Beyond McCain-Feingold

This article appeared in the April 23, 2001 edition of The Nation.

April 5, 2001

The Senate's passage of McCain-Feingold was welcome if only as a comeuppance to the Trent Lotts and Mitch McConnells who had arrogantly defied popular sentiment by keeping the bill under wraps for six years. There were several factors that made the time right for McFein--including a strategic calculation by the parties that they had reached soft-money parity--but paramount among them was the prevailing climate of popular disgust with the sale of the government to the highest bidder. For this the interest groups that helped raise public consciousness with a steady flow of statistics and gamy anecdotes about the American way of bribery and extortion deserve great credit. Even George Bush has mumbled that he would sign a campaign finance reform bill, which doesn't say much for present legislative efforts but is a tribute to the critical mass reached by pro-reform sentiment in the country.

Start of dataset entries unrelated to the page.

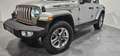Jeep Wrangler Unlimited 2.0T GME Sahara 8ATX Argent - thumbnail 3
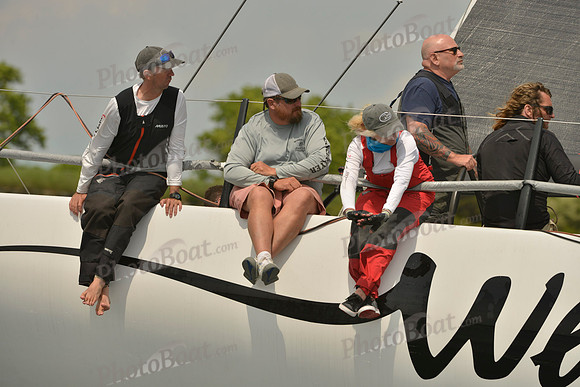 2018 NYYC Annual Regatta A_1130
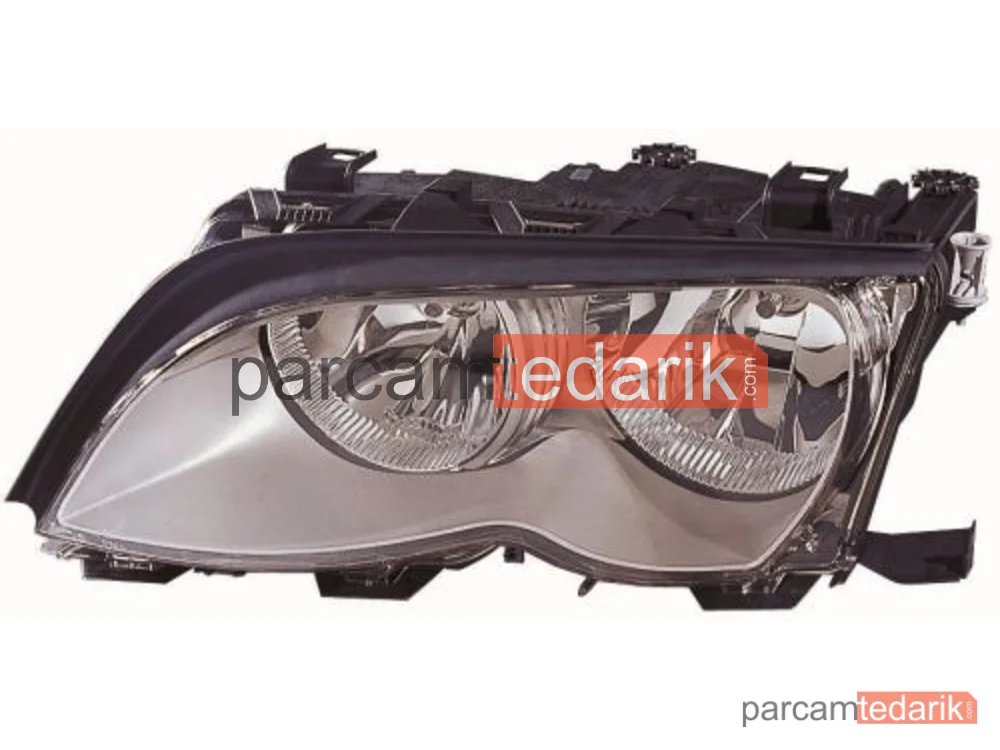 Far — BMW 3, BMW 3 Touring, BMW 3 Coupe - 4441128RLDEM1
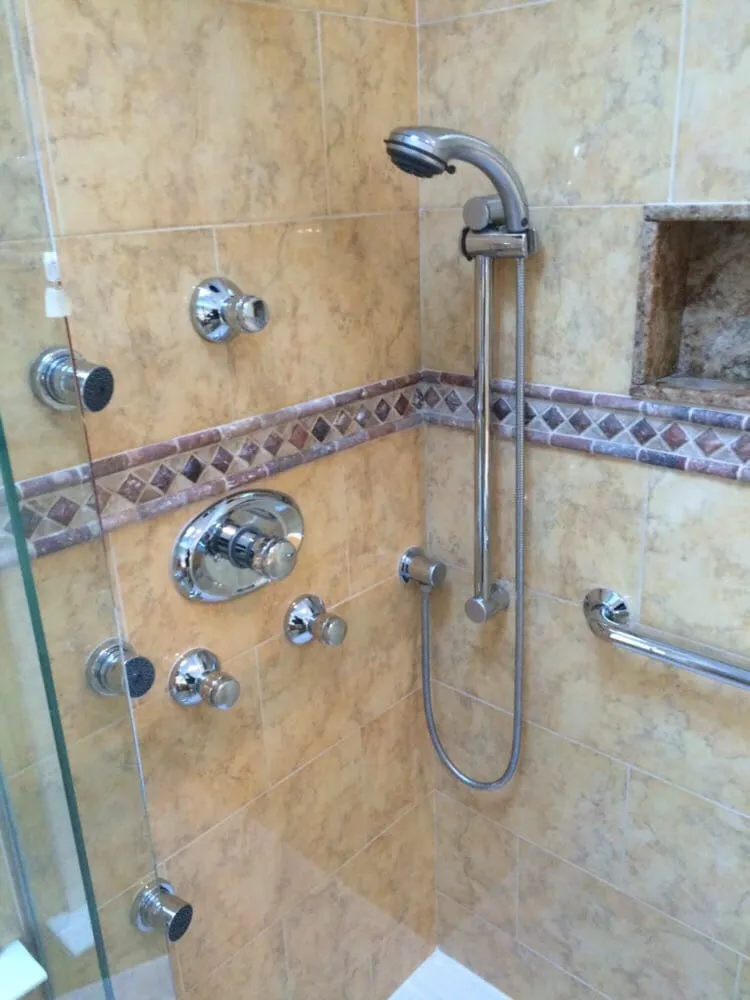 Slide of Westchester Plumbing Solutions, Inc.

The fact that the Senate was even able to debate the bill seemed a freshet of democracy released by a spring thaw. Once the threat of filibuster and suppression by the leadership was lifted, a feisty debate bloomed on the floor. During the colloquy ending in the 60-40 rejection of one "compromise" that would have repealed a 1907 law banning direct contributions from corporations, some of the fiercest denunciations of corporate influence were heard since, well, 1907. Although Paul Wellstone's amendment to allow states to apply public financing systems to their own federal office races failed, it drew the support of thirty-six senators and more than seventy major groups--labor,enviro, black, Latino, religious.

But let's not get carried away. The bill that finally passed does little to alter a system pushed to the brink of plutocracy by the obscene power of money (note Bush's tax cut, incorporated in the budget bill the Senate next took up, so blatantly weighted toward his wealthy supporters). And it bore little resemblance to the measure John McCain and Russ Feingold originally proposed, which promised a ban on unregulated soft money and "bundling" (whereby givers maximize their influence by pooling their contributions), limits on spending by candidates and political action committees and provisions for free TV time.

Subscriber Login

4 ISSUES FREE

Subscribe Now!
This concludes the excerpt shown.